Source material ▸
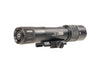 WADSN WMX200 ROTATLONAL Fold Mount Version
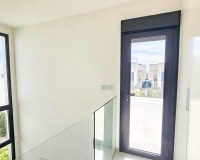 Revente - Villa - Rojales - Cuidad Quesada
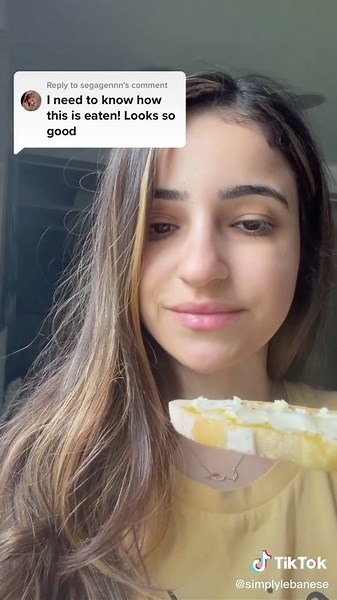 Delicious Labneh Recipes and Lebanese Cuisine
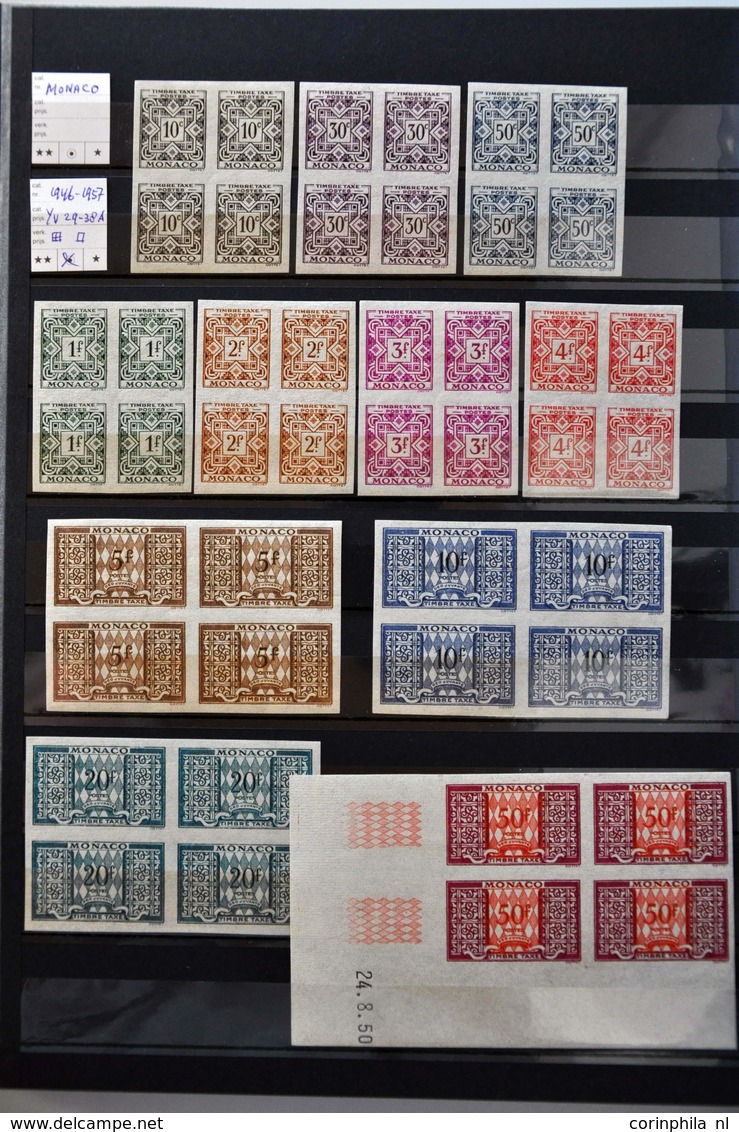 World Collections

The task ▸
Type out the data above again exactly as written, minus the images.

Exercise output ▸
 WADSN WMX200 ROTATLONAL Fold Mount Version
 Revente - Villa - Rojales - Cuidad Quesada
 Delicious Labneh Recipes and Lebanese Cuisine
 World Collections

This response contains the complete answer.